Видя, что со мной сделать ничего нельзя, инспектор заявил, что в таком случае ему придется действовать согласно закону.
– Что же вы со мной собираетесь делать? – спросил я.
Он ответил, что пока еще не знает, но ждет дальнейших распоряжений.
– Пока что, – сказал он, – я везу вас в Бомбей. Мы прибыли в Сурат. Здесь меня сдали другому полицейскому офицеру.
– Вы свободны, – сказал он мне, когда мы подъезжали к Бомбею, – но было бы лучше, если бы вы вышли у Мерин-Лайнс, я остановлю там для вас поезд. В Колабе может оказаться слишком много народу.
Я ответил, что рад исполнить его желание. Ему это понравилось, и он поблагодарил меня. Я вышел у Мерин-Лайнс. Как раз в тот момент проезжал в своей коляске один мой приятель. Он посадил меня к себе и довез до дома Реваншанкара Джхавери. Друг рассказал, что слухи о моем аресте очень взбудоражили народ, привели его в неистовство.
– Ожидают, что с минуты на минуту вспыхнет восстание в районе Пайдхуни. Судья и полиция уже там, – добавил он.
Не успел я прибыть на место, как ко мне явились Умар Со бани и Анасуябехн и предложили поехать тотчас же на автомобиле в Пайдхуни.
– Народ так возбужден, что мы не в состоянии умиротворить его, – говорили они. – Подействовать может лишь ваше присутствие.

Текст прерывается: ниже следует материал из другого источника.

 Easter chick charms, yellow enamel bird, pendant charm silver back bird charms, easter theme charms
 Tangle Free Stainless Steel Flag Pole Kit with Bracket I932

Я сел в автомобиль. Около Пайдхуни собралась огромная толпа. Увидев меня, люди буквально обезумели от радости. Мгновенно организовалась процессия. В Пайдхуни мы столкнулись с отрядом конной полиции. Из толпы полетели обломки кирпичей. Я убеждал толпу сохранять спокойствие, но, казалось, град кирпичей неиссякаем. С улицы Абдур Рахмана процессия направилась к Кроуфорд Маркет, где столкнулась с новым отрядом конной полиции, преградившей ей дорогу к Форту. Толпа сжалась и почти что прорвалась через полицейский кордон. Поднялся такой шум, что моего голоса совершенно не стало слышно. Начальник конной полиции отдал приказ рассеять толпу. Конные полицейские, размахивая пиками, бросились на людей. В какой-то момент мне показалось, что я пострадаю. Но мои опасения были напрасны. Уланы пронеслись мимо, только грохнув пиками по автомобилю. Вскоре ряды процессии смешались, возник полнейший беспорядок. Народ обратился в бегство. Некоторые были сбиты с ног и раздавлены, другие сильно изувечены. Выбраться из бурлящего скопления человеческих тел было невозможно. Уланы, не глядя, пробивались через толпу. Не думаю, чтобы они отдавали себе отчет в своих действиях. Зрелище было страшное. Пешие и конные смешались в диком беспорядке.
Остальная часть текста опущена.